Data in this exercise:

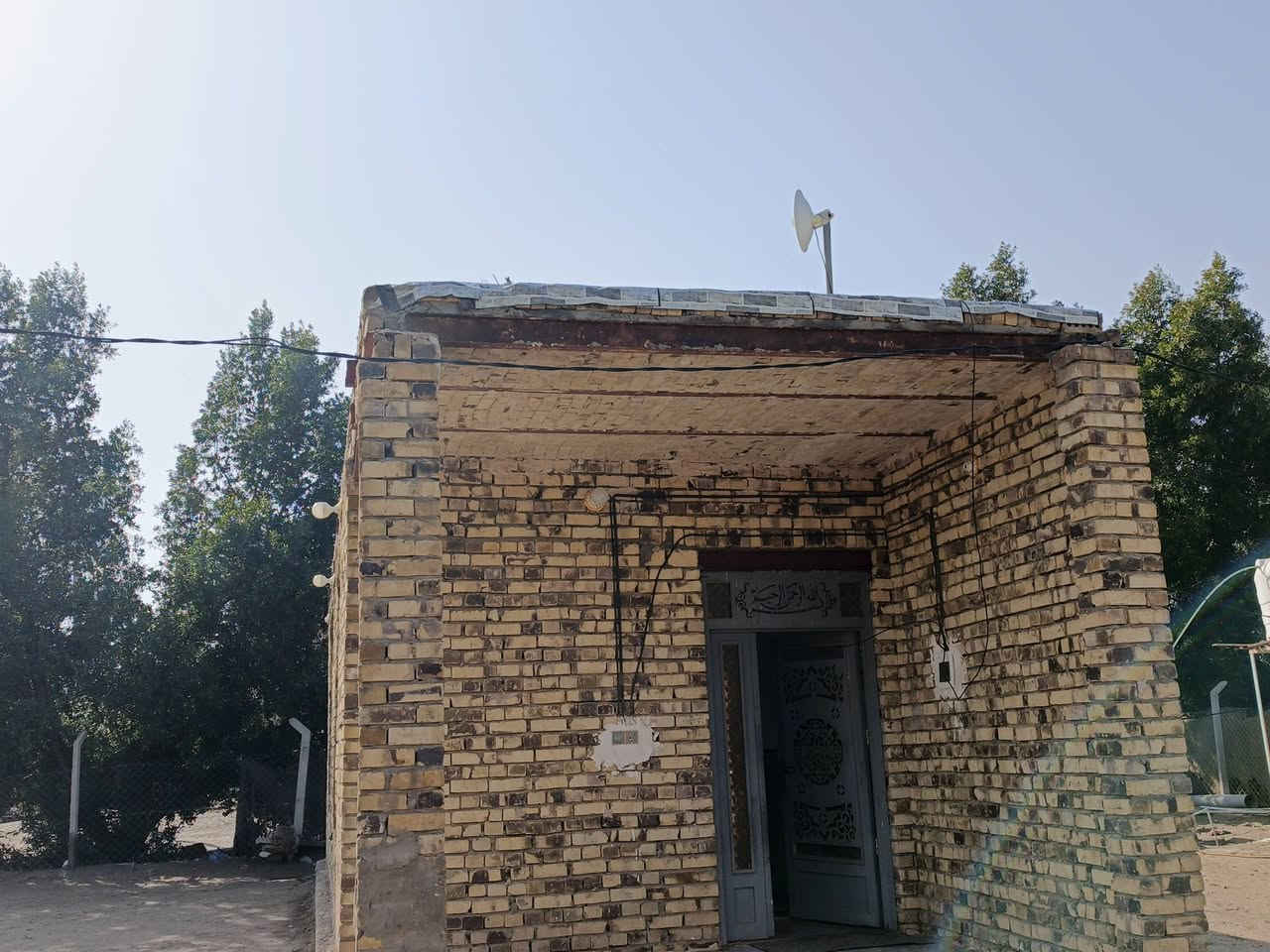 سلام عليكم ارض زراعيه البيع عقد 35 ناحية العباسيه منطقت الحيدري في الجفيره مساحة (16) دونم تحتوي على بيتين بيت الاول يحتوي ع اريع غرف نوم +صاله 9 متر+ مطبخ +صحيات داخليات وخارجيات + مضيف 12 متر + بيت ثاني يحتوي على غرفه + صاله + مطبغ وصحيات وبستان نخيل يحتوي 100 جميع الاون نخيل 

الاستفسار اتصال ع رقم ***********
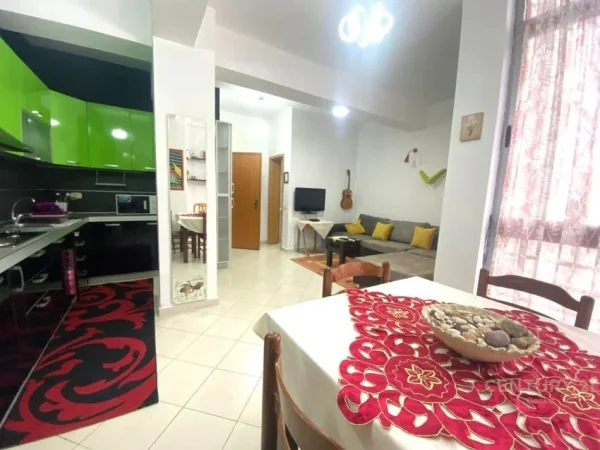 Tirane, jepet me qera apartament 1+1 Kati 11, 63 m² 500 € (Globe)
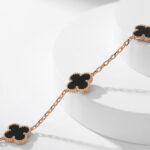 CLOVER 10 MOTIFS ONYX NECKLACE - Image 9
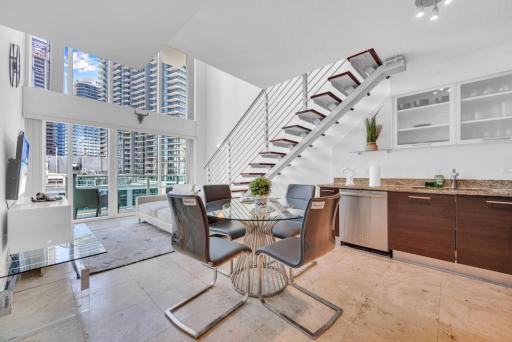 Amazing Loft style 1 Bed with Water and City Views - Housity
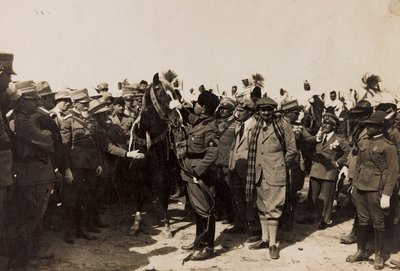 Benito Mussolini con su fascista e Italo Balbo en Libia en Trípoli de Barbera La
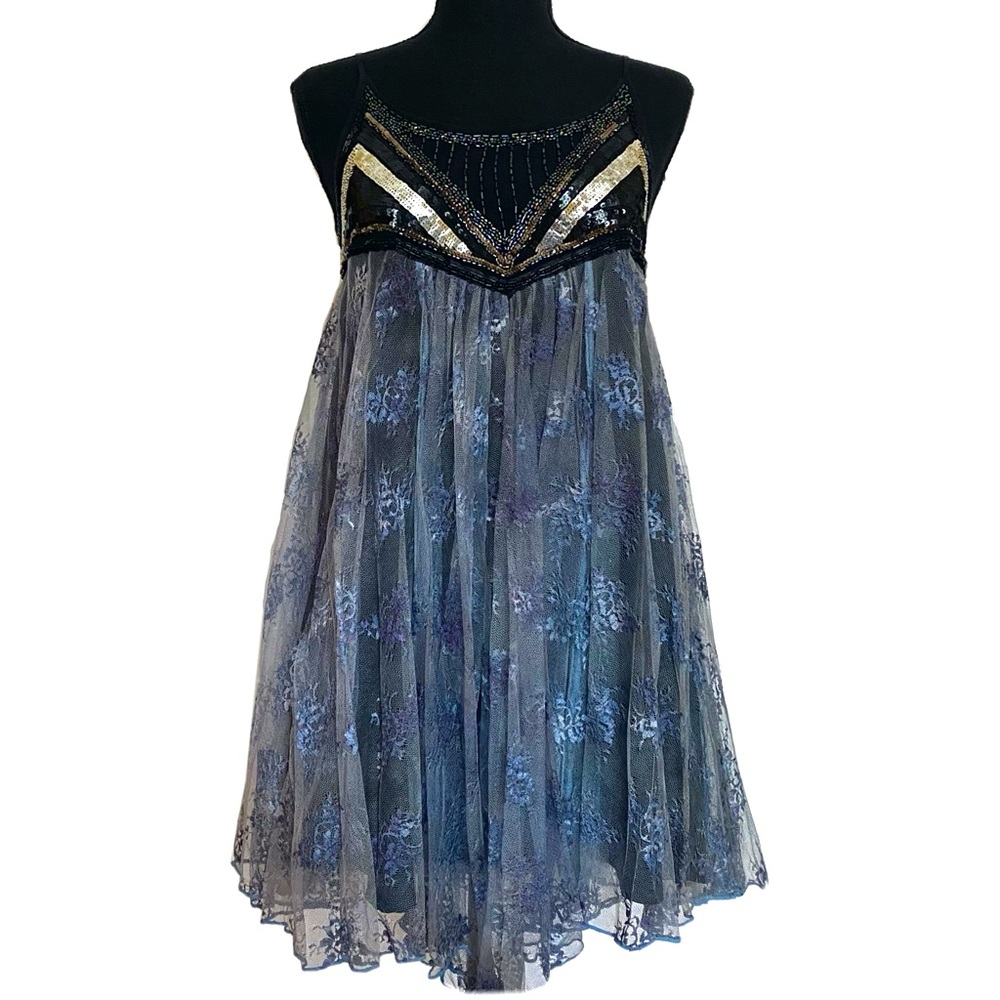 UO ecoté Boho Hippie Gypsy Lace Embellished Dress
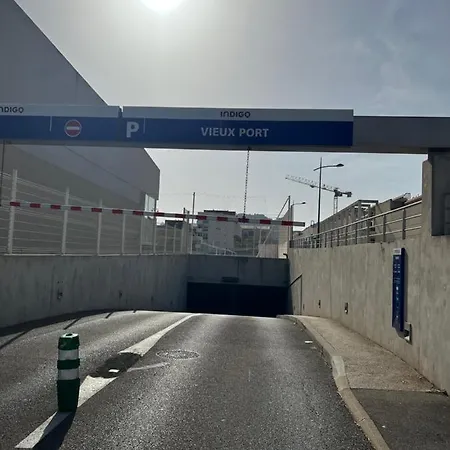 شقة Typique Dans Le Centre Historique 47m2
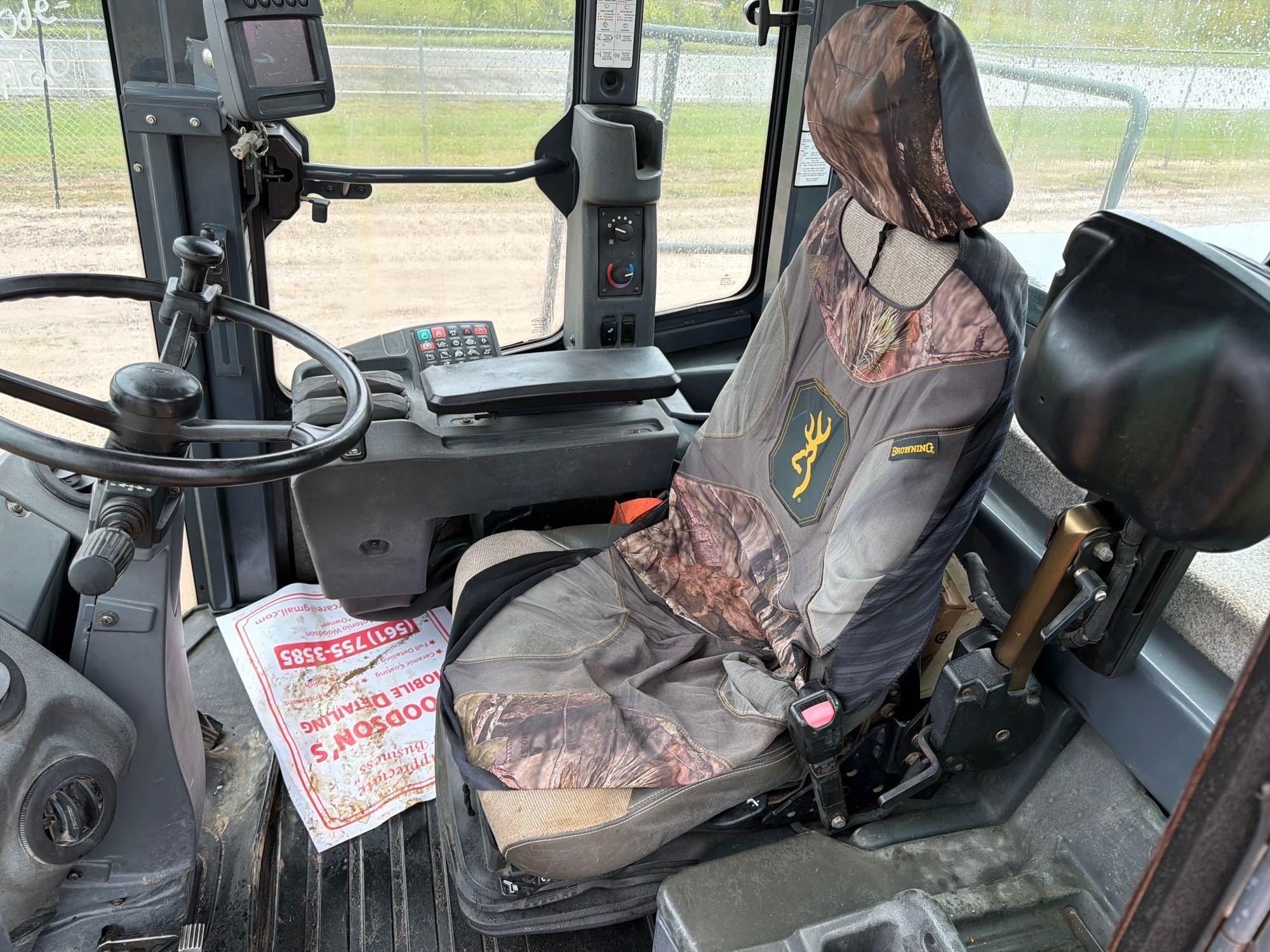 John Deere 824K
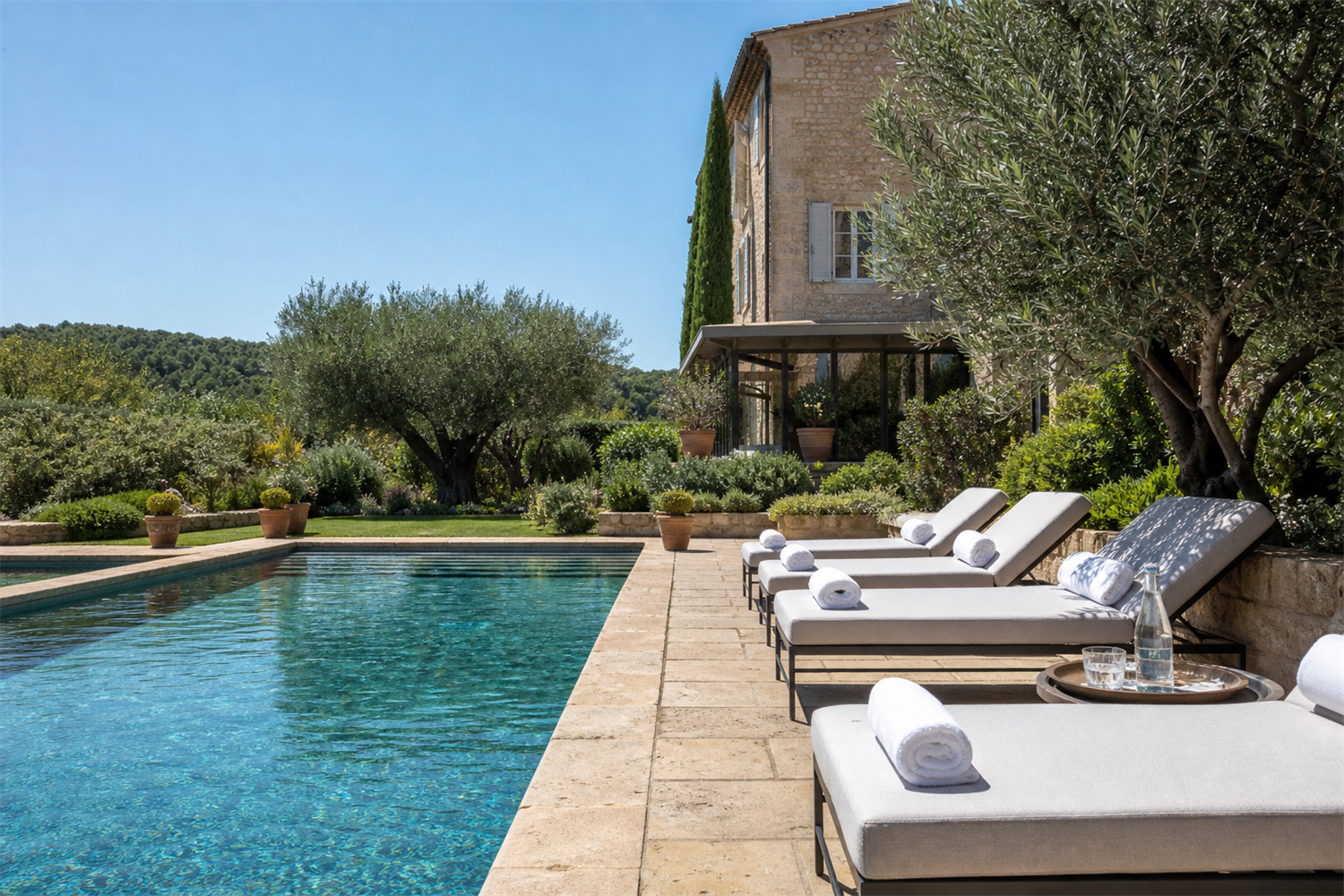 Provence de Luxe: boutique hotels, vineyards and lavender - travel magazine Impression 4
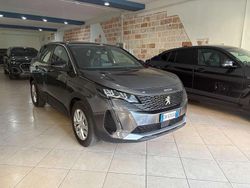 Grigio Usata 2023 Peugeot 3008 Allure SUV | 21.600 € (Ottimo prezzo)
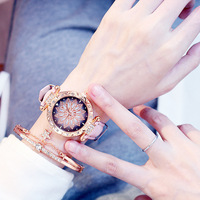 Ensemble cadeau montre et bracelet pour femme avec cadran fleur en cristal, alliage ton or rose, bracelet rose, montre-bracelet à quartz tendance, vente en gros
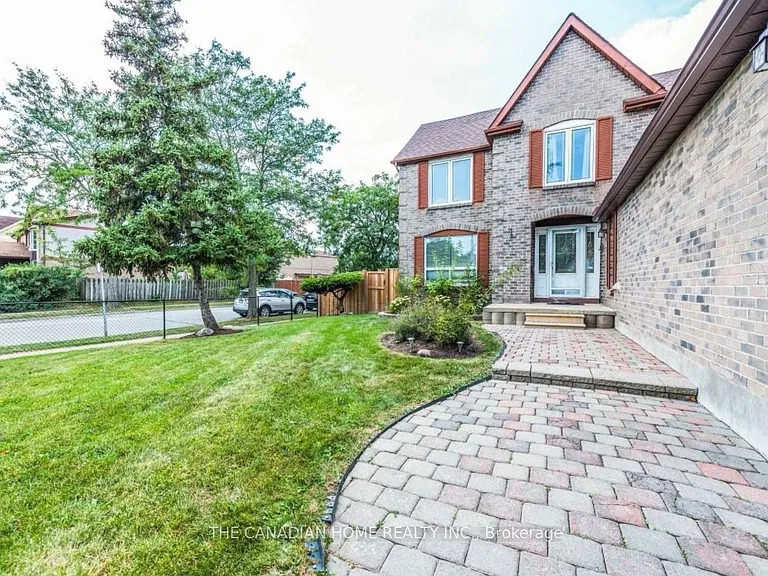 52 Moffatt Ave — Photo 3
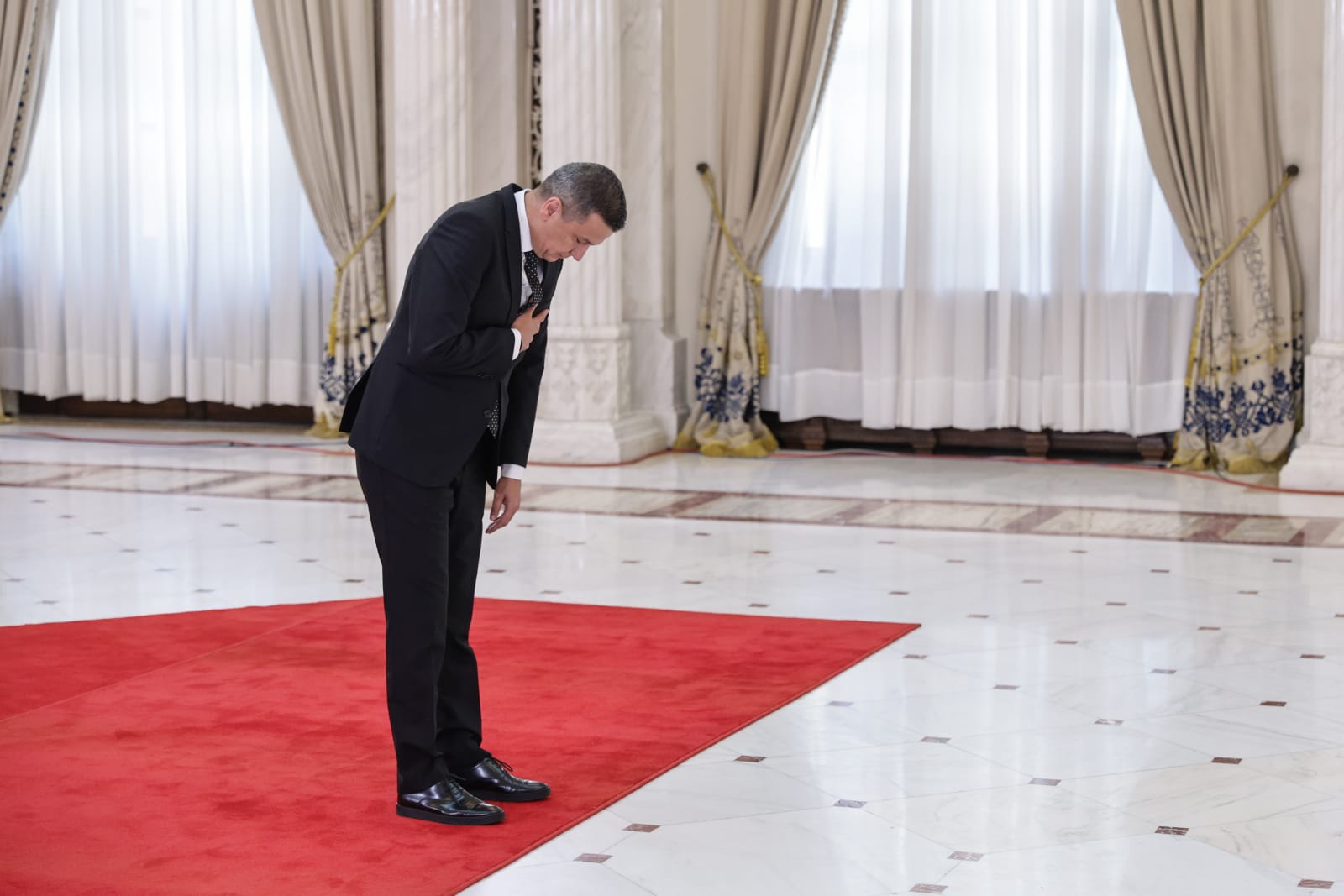 Funeralii de stat pentru Ion Iliescu. Ultimele omagii aduse în fața sicriului fostului președinte, în Sala Unirii, la Palatul Cotroceni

Aim of the exercise: Word-for-word transcript, pictures excluded: copy all the material above.

Problem solution:
 سلام عليكم ارض زراعيه البيع عقد 35 ناحية العباسيه منطقت الحيدري في الجفيره مساحة (16) دونم تحتوي على بيتين بيت الاول يحتوي ع اريع غرف نوم +صاله 9 متر+ مطبخ +صحيات داخليات وخارجيات + مضيف 12 متر + بيت ثاني يحتوي على غرفه + صاله + مطبغ وصحيات وبستان نخيل يحتوي 100 جميع الاون نخيل 

الاستفسار اتصال ع رقم ***********
 Tirane, jepet me qera apartament 1+1 Kati 11, 63 m² 500 € (Globe)
 CLOVER 10 MOTIFS ONYX NECKLACE - Image 9
 Amazing Loft style 1 Bed with Water and City Views - Housity
 Benito Mussolini con su fascista e Italo Balbo en Libia en Trípoli de Barbera La
 UO ecoté Boho Hippie Gypsy Lace Embellished Dress
 شقة Typique Dans Le Centre Historique 47m2
 John Deere 824K
 Provence de Luxe: boutique hotels, vineyards and lavender - travel magazine Impression 4
 Grigio Usata 2023 Peugeot 3008 Allure SUV | 21.600 € (Ottimo prezzo)
 Ensemble cadeau montre et bracelet pour femme avec cadran fleur en cristal, alliage ton or rose, bracelet rose, montre-bracelet à quartz tendance, vente en gros
 52 Moffatt Ave — Photo 3
 Funeralii de stat pentru Ion Iliescu. Ultimele omagii aduse în fața sicriului fostului președinte, în Sala Unirii, la Palatul Cotroceni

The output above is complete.